ポストコロナの旅行流通、NDCへの期待と課題-バーテイルジャパンがシンポジウムを開催
インターネットとNDCが顧客へ無限の提案を可能にする
シンポジウムの基調講演「NDC時代のエアライン・リテーリング」にはルフトハンザグループでNDCを担当するパウル・イグナーツ・ハンナック氏が登壇。15年からNDC導入をスタートし、航空会社の中でも最も早くから取り組む航空会社の一つであるルフトハンザ(LH)の考え方などを解説した。
ハンナック氏よると以前の航空会社にとっては「運賃とスケジュールと路線をプッシュすることに終始せざるを得ず、商品やサービスを練っても差別化できない時代が続いた。それが、インターネットの普及により航空会社が自社サイトで販売ができるようになってから変化が起きた」という。さらにNDCの登場によって「自社サイトと同じような形で旅行会社や消費者に商品を提供できるようになった」という。
また流通コストをGDSより抑制でき、OTAにとっては顧客のセルフサービス化も促せる点や、運賃を無段階的に提供することが可能な点もNDCのメリットだとしている。「GDSで提供できる運賃は数クラスに限られ、キャビンを分けても運賃は二十数種類。たとえば旅行者が安いエコノミークラスを求めても、売り切れなら次に提示できる運賃は跳ね上がってしまう。しかしNDCであれば、たとえば1ユーロしか違わない選択肢を提示できる。無限のプライスポイントを示すことも可能になる」と説明。

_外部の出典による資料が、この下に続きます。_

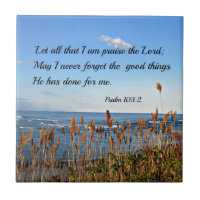 Psalm 103:2 Let all that I am praise the Lord...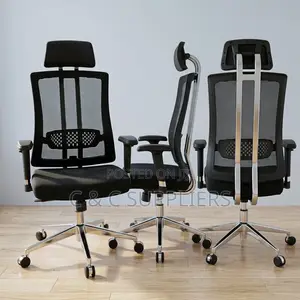 Orthopedic Executive Mesh Seat.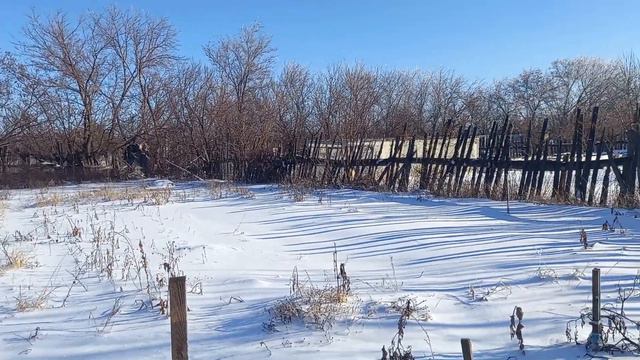 Дача выглядит так 22-ого Декабря, снег лёг, образовалась корка наста и вот это нормально смотреть онлайн
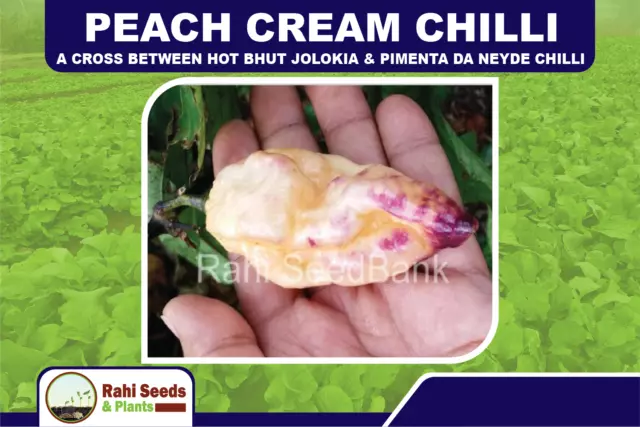 Peach Cream Chilli - A Cross Between Hot Bhut Jolokia & Pimenta Da Neyde Chilli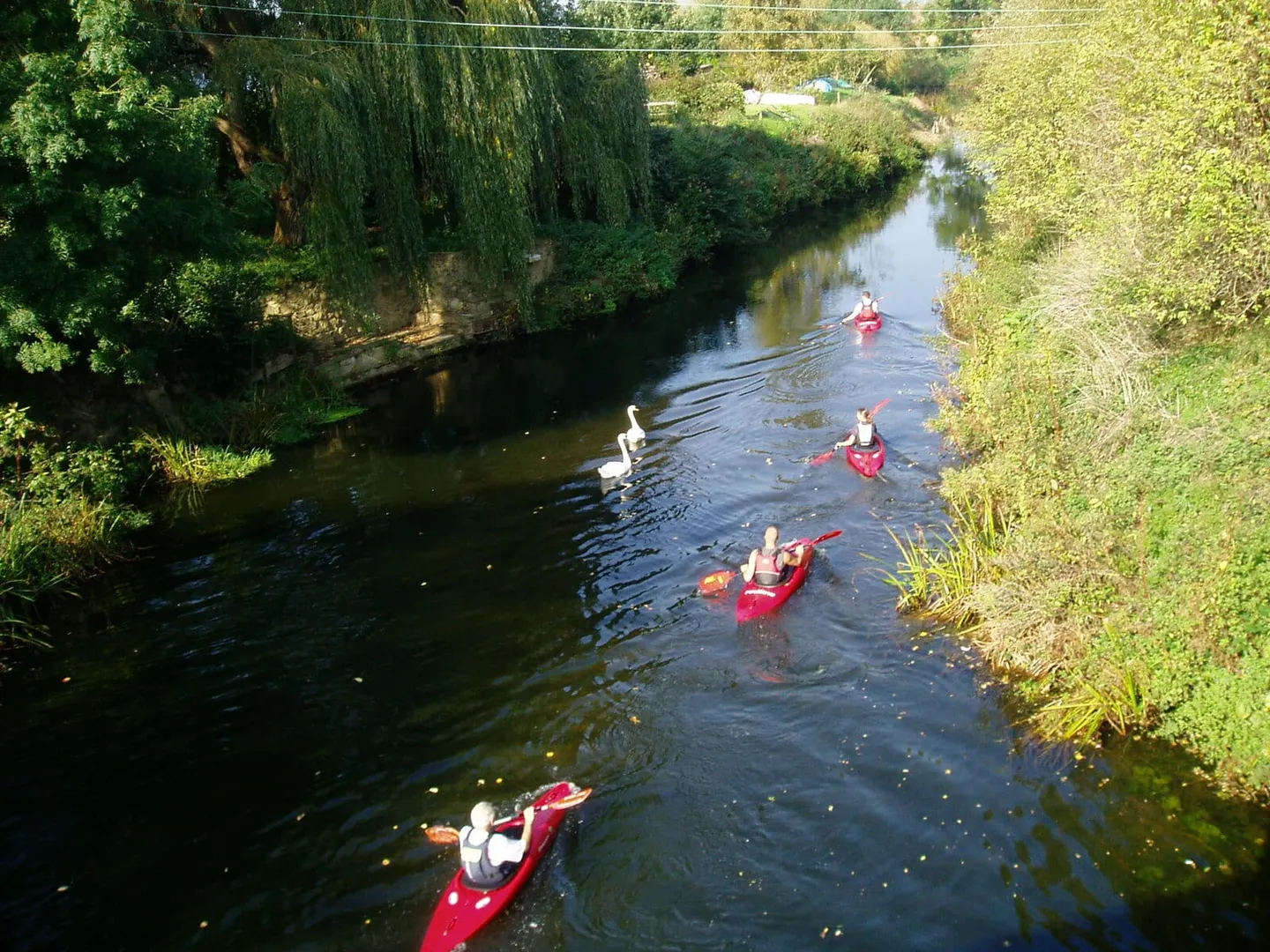 Photo of the River Beult, a 25-mile river running from near Ashford to River Medway at Yalding, south east England.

こうした観点から積極的にNDCの導入を図り、国際航空運送協会(IATA)が掲げた「2020年までに座席流通の20%をNDC化する」との目標を、LHに関しては1年前倒しの19年に実現。初めてIATA目標をクリアした航空会社となった。
ハンナック氏は基調講演の最後に「早く行くなら1人で行け。もっと遠くへ行くなら一緒に行け」というアフリカの諺を取り上げ、航空業界全体でのNDCの導入促進を呼びかけた。
アフターコロナ時代にはNDCの必要性が高まる?
基調講演の次にIATAのウィニー・ユーン氏が「エアライン・リテーリング」と題して講演。NDCが旅行者のショッピング体験を劇的に変え、「パーソナル化を実現しダイナミックオファーも可能にし、最新で公正なプライシングを提供できる。加えてオープンかつ最新のスタンダードであり全商品を一つの画面で確認できる優れた取り組み」であるとNDCの開発意義を再確認した。
またアフターコロナ時代の新たな旅行サービスに対応するためにもNDCが有効と説いた。「航空旅行におけるコロナ対策に関連してステークホルダーが拡大する。たとえば旅行者が健康であることを認証する政府などの関わりが欠かせなくなる。隔離が必要な期間の滞在ホテルや移動手段の確保や保険などのアンシラリーサービスも必要になり、単に座席を販売するだけでは十分な役割を果たせない時代になると思われ、NDCの必要性は高まる」(ユーン氏)というわけだ。